It is well-established, however, that a violation of one's Fourth Amendment rights does not automatically result in the suppression of the evidence discovered as a result of the violation. See Herring v. United States, 555 U.S. 135, 140 (2009) ("We have repeatedly rejected the argument that exclusion is a necessary consequence of a Fourth Amendment violation."); United States v. Leon, 468 U.S. 897, 905-06 (1984) (rejecting the contention that "the exclusionary rule is a necessary corollary of the Fourth Amendment"). One basis to decline suppression of evidence obtained in violation of the Fourth Amendment is the application of the good-faith exception, and this is the basis on which the Government relies. The good-faith exception provides that evidence obtained as a result of a Fourth Amendment violation should not be suppressed if law enforcement had a "reasonable good-faith belief that a search or seizure was in accord with the Fourth Amendment." Leon, 468 U.S. at 909. Exclusion of such evidence is unwarranted because the exclusionary "rule's sole purpose . . . is to deter future Fourth Amendment violations." Davis v. United States, 131 S. Ct. 2419, 2426 (2011); see United States v. Brown, --- F.3d ----, 2014 WL 821278, at *1 (7th Cir. 2014) ("The exclusionary rule is designed to deter violations of the fourth amendment."). Therefore, "[w]here the official action was pursued in complete good faith . . . the deterrence rationale loses much of its force." Leon, 468 U.S. at 919.
As stated above, the Government filed a joint response brief to Ms. Kaczmarek's and Mr. Allen's Motions, [dkt. 115], and Mr. Allen expressly adopted Ms. Kaczmarek's arguments with respect to the good-faith exception in lieu of articulating his own, [dkt. 126]. However, the Court concludes each defendant's motion to suppress is best resolved separately. While there is significant overlap in the Court's analysis, individual resolution is appropriate. Therefore, the Court's analysis with respect to the application good-faith exception and the exclusionary rule is substantially similar for Ms. Kaczmarek's and Mr. Allen's motions.
The Government argues that suppression is unwarranted for either of two reasons: (1) the Davis good-faith exception applies, [Dkt. 121 at 9-10 n.2]; and (2) law enforcement relied in good faith on judicial authorization for their actions, [id. at 7-11]. Ms. Kaczmarek disputes whether either good-faith exception applies. The Court addresses the parties' arguments regarding each of the two good-faith exceptions in turn.

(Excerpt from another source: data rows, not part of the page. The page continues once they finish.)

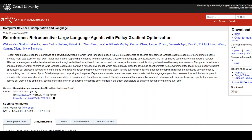This research paper by Viren Zhao, Shelby, and their colleagues highlights the Retroformer. The paper introduces a principled framework for reinforcing large language agents by learning a retrospective model, which automatically tunes the language agent's prompt from environment feedback through policy gradient.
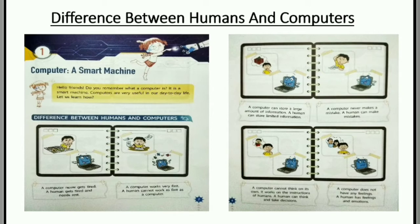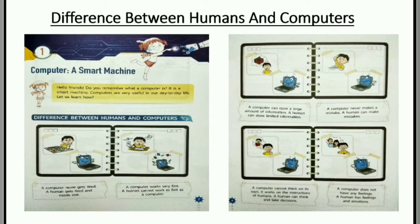In the first image you can see the boy is looking tired but the computer is looking happy. It means a computer never gets tired but a human gets tired and needs rest. In the second image you can see the boy is hurriedly doing his work but the computer is in relaxing mode. It means a computer works very fast but a human cannot work as fast as a computer.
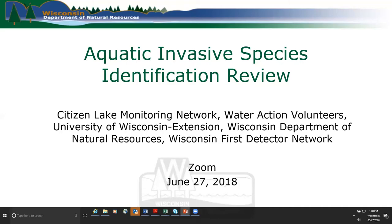We worked on this webinar with the Citizen Lake Monitoring Program, Water Action Volunteers, Wisconsin DNR, and the FIRST Detector Network.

A. The Davis Good-Faith Exception Applies
The Government contends that at the time the GPS Unit was installed on Ms. Kaczmarek's vehicle "binding appellate precedent"—specifically, United States v. Cuevas-Perez, 640 F.3d 272 (7th Cir. 2011), vacated and remanded by Cuevas-Perez v. United States, 132 S. Ct. 1534 (2012), and United States v. Garcia, 474 F.3d 994 (7th Cir. 2007)—"permitted the attachment and use of the GPS tracker on [Ms.] Kaczmarek's vehicle without recourse to a warrant on a showing of probable cause. Therefore, the GPS [Unit] at issue in this case also should fall . . . within the so-called Davis good-faith exception." [Dkt. 121 at 9-10 n.2.] Ms. Kaczmarek does not dispute that at the time relevant to this case "no binding case law in this Circuit recognized that the attachment and use of a GPS tracker constituted a search under the Fourth Amendment." [Dkt. 122 at 8.] Instead, she points the Court to United States v. Maynard, 615 F.3d 544 (D.C. Cir. 2010), to argue that it would be unfair "to assert that the officers had 'no inkling'" that the use of the GPS Unit may constitute a Fourth Amendment search. [Dkt. 122 at 8.] After Maynard, says Ms. Kaczmarek, "law enforcement and prosecutors were on notice that warrant- less use of GPS tracking devices was not the unanimous law of the land and they should proceed with caution." [Id.]

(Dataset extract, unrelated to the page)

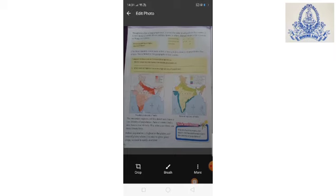Some parts of India have a higher density of population than others. This is linked to the geography of India. The mountain regions and the desert areas have a low density of population. Parts of central India also have a low density. This is because there are thick forests here.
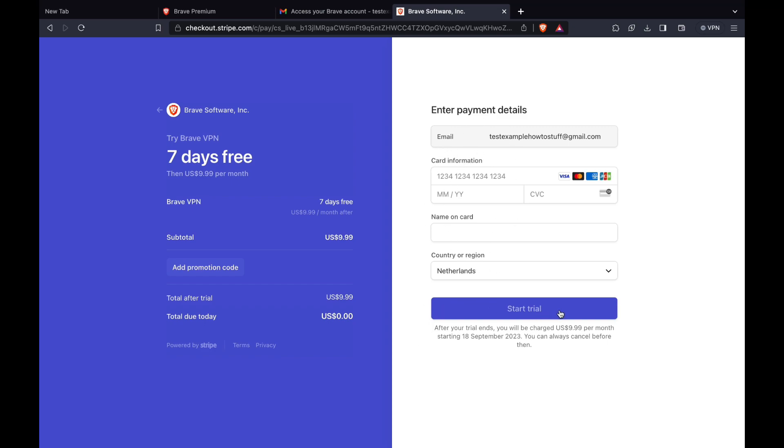And after doing that you will have activated the Brave VPN. Please like and subscribe if this helped and I'll see you in the next tutorial.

The Supreme Court held in Davis that the good-faith exception applies to "searches conducted in objectively reasonable reliance on binding appellate precedent." Davis, 131 S. Ct. at 2426. The Supreme Court explained its conclusion as follows: "About all that exclusion would deter in this case is conscientious police work. Responsible law-enforcement officers will take care to learn what is required of them under Fourth Amendment precedent and will conform their conduct to these rules. But by the same token, when binding appellate precedent specifically authorizes a particular police practice, well-trained officers will and should use that tool to fulfill their crime-detection and public-safety responsibilities." Id. at 2429 (emphasis in original) (citations and quotation marks omitted).

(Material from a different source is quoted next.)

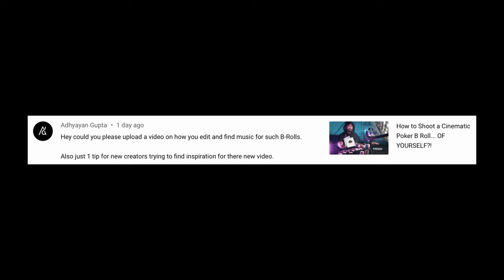Ajayang Gupta asked me a question in the comments of my last video, my cinematic poker b-roll that I shot of myself. He asked: could you upload a video on how you edit and find music for such b-rolls? That's a great question, so let's try to answer that in today's video. I'll show you where I got the music for that poker b-roll and I'll also give you some editing tips that I used specifically for that b-roll.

The Court's analysis of whether the good-faith exception applies must begin with the Court's recent decision in a similar case: United States v. Taylor, --- F.Supp.2d ----, 2013 WL 5817246 (S.D. Ind. 2013). As in this case, the Court had to decide in Taylor whether the Davis good-faith exception applied to law enforcement's warrantless attachment and use of a GPS device to track the defendant Mr. Taylor's car. More specifically, the Court had to determine whether Garcia and Cuevas-Perez—the "binding appellate precedent" referenced in Davis, 131 S. Ct. at 2429—permitted law enforcement to attach and use the GPS device in the manner it did. Defendant Mr. Taylor argued that his case was different than Garcia and Cuevas-Perez in three important respects, which precluded law enforcement from relying on those cases to attach the GPS device to his vehicle and track his movements in the manner they did. The Court reasoned as follows:
Mr. Taylor points to three differences between the instant case and Garcia and Cuevas-Perez: (1) law enforcement here sought to use the GPS Unit for up to six-Taylor, 2013 WL 5817246, at *6-7 (citations omitted).
ty days; (2) law enforcement sought to attach the GPS device "while the vehicle was either in a public place or upon private property where members of the general public would have access to such a vehicle,"; and (3) law enforcement sought permission to utilize Mr. Taylor's vehicle's battery to power the GPS Unit.
The Court agrees with Mr. Taylor that the three differences between this case and the then-binding Seventh Circuit precedent, taken together, preclude the application of the Davis good-faith exception in this case. Simply put, law enforcement could not have objectively relied on Garcia and Cuevas-Perez when the cases do not explicitly, or for that matter implicitly, authorize the specific actions taken here, especially when both cases raise concerns about the constitutionality of the extent of law enforcement's actions. First, contrary to law enforcement's desire to utilize Mr. Taylor's vehicle's battery to power the GPS Unit, the Seventh Circuit in Garcia intimated that the use of a GPS device that draws power from the vehicle's battery could constitute a seizure under the Fourth Amendment. See Garcia, 474 F.3d at 996. Second, contrary to law enforcement's wish to attach the GPS Unit while Mr. Taylor's vehicle was on public or private property that the public could access, the Seventh Circuit in both Cuevas-Perez and Garcia specifically highlighted the fact that the GPS device in each of those cases was installed on the vehicles when they were parked in a public area. See Cuevas-Perez, 640 F.3d at 272; Garcia, 474 F.3d at 995.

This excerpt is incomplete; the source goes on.